We maintain certain administrative, technical and physical safeguards to help protect against loss, misuse or unauthorized access, disclosure, alteration, or destruction of your personal information. However, no electronic data transmission or storage of information can be completely secure. We cannot ensure or warrant the security of any information you transmit to us or that we acquire. Accordingly, you must use our Website at your own risk.

If, despite all our efforts, a data breach does occur, we shall do everything reasonably practicable to limit the damage. In case of a data breach, and depending on the circumstances, we will inform you about remedial actions to prevent any further damage.

9. WHAT ELSE SHOULD YOU KNOW?

• User-Generated Content

Some of our services and social networking features enable you to submit your own content for public posting. Information you post in this fashion becomes public information and is not subject to this Website Privacy Notice. We cannot control how others may use publicly-posted information.

Any information, communications, or material of any type or nature that you post or submit to our Website (including, but not limited to any Brambles websites contained on a social media platform or website such as Facebook or Twitter) by e-mail, posting, messaging, uploading, downloading, or otherwise (collectively, a “Submission”), is done at your own risk and without any expectation of privacy. We cannot control the actions of other users of any social media platform or website, and we are therefore not responsible for any content or Submissions contained on such sites and platforms.

• California Residents and Do-Not-Track Disclosure

If you are a California resident, you may ask us to refrain from sharing your information (whether collected online or offline) with our affiliates for their marketing purposes, if the affiliates are separate legal entities. Please tell us your preference by contacting us as indicated in the "How to Contact Us" section of this Website Privacy Notice.

Because there is not yet a consensus on how companies should respond to web browser-based or other do-not-track ("DNT") mechanisms, our Website does not respond to web browser-based DNT signals.

• Children

Our services are generally not directed to children under 16. We do not knowingly collect personal information from anyone under 16 without parental consent.

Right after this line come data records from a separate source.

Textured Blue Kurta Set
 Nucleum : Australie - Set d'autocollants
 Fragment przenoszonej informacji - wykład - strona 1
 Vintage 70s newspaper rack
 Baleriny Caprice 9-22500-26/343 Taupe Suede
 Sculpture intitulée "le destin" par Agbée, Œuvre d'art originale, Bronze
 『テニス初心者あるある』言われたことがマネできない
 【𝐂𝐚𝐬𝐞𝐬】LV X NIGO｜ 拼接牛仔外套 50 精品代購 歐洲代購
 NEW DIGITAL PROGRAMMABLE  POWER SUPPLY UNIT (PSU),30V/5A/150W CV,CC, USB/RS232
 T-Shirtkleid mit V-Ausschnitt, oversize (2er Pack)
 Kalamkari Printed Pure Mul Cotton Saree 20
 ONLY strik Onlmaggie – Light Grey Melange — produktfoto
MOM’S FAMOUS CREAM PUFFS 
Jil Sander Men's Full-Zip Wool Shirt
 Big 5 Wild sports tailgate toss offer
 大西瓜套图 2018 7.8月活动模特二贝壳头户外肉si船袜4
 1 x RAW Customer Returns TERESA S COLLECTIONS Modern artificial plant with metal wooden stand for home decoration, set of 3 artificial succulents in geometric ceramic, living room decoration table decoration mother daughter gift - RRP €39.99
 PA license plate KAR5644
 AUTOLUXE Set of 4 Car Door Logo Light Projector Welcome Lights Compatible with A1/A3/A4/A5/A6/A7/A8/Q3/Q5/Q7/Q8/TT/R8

If you become aware that we have collected personal information from a child under the age of 16 without parental consent, please contact us as indicated below so we can take appropriate action.

10. HOW TO CONTACT US

If you have any questions, comments or concerns about this Privacy Notice or if you would like us to update information we have about you or your preferences, please contact our Chief Privacy Officer at privacy@brambles.com. Alternatively, please contact our location nearest you. Our list of business locations is available here.

11. PRIVACY NOTICE UPDATES

We reserve the right to modify or supplement this Privacy Notice at any time. Changes to the policy will be posted at least 30 days prior to the effective date of the changes. The date below indicates when this Privacy Notice was last changed.

This policy was last updated on 17.11.2018, effective 17.12.2018.